■ **Activity**: Beginning with the line that has "The Batch Job", reproduce each remaining line of the data exactly, down to and including the last.

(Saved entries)
○ ○ ○

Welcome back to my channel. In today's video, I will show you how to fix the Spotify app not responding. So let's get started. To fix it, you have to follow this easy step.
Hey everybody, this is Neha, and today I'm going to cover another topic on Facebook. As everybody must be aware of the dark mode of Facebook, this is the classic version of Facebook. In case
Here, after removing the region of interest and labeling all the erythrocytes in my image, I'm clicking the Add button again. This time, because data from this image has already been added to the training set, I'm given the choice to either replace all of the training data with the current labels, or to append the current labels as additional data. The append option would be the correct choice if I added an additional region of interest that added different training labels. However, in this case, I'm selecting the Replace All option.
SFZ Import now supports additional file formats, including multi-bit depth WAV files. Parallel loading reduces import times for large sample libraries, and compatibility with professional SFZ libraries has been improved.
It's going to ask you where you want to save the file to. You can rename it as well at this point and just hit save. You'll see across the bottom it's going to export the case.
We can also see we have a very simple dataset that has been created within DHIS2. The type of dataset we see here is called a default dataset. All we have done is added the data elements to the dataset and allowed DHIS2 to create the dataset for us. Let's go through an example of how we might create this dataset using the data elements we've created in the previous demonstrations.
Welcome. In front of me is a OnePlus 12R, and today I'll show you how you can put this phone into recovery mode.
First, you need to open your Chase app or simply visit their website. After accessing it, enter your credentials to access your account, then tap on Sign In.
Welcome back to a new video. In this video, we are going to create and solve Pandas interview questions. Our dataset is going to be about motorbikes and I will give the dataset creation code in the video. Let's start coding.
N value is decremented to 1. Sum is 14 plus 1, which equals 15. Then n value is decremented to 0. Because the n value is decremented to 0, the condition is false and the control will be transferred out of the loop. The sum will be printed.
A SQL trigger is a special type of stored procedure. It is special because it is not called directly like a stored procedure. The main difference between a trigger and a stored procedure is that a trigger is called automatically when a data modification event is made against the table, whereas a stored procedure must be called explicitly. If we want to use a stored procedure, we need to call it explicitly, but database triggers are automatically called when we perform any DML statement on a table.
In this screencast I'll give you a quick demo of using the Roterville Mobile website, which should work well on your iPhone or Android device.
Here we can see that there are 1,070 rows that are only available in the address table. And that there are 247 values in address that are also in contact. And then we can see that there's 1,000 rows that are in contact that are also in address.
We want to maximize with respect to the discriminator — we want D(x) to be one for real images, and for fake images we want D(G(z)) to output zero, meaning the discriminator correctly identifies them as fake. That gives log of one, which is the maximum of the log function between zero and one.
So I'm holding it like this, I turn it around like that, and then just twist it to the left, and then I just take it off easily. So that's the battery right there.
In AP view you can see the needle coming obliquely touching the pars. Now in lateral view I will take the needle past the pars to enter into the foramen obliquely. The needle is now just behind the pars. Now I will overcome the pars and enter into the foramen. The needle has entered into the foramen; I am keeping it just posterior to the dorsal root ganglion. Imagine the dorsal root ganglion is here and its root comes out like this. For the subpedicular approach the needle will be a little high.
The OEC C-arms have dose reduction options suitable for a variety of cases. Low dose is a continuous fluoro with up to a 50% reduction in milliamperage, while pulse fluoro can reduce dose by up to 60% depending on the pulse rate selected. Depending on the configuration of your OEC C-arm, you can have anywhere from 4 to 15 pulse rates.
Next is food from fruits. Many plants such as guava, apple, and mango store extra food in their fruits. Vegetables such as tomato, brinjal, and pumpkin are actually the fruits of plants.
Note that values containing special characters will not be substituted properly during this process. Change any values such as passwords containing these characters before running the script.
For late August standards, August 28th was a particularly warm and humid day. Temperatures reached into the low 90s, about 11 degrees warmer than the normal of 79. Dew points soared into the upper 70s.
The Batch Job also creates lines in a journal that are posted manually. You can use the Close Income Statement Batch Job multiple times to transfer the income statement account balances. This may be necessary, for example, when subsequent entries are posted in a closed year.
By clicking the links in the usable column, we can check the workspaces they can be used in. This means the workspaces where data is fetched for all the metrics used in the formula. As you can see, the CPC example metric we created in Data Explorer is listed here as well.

○ ○ ○

■ **Reply**:
The Batch Job also creates lines in a journal that are posted manually. You can use the Close Income Statement Batch Job multiple times to transfer the income statement account balances. This may be necessary, for example, when subsequent entries are posted in a closed year.
By clicking the links in the usable column, we can check the workspaces they can be used in. This means the workspaces where data is fetched for all the metrics used in the formula. As you can see, the CPC example metric we created in Data Explorer is listed here as well.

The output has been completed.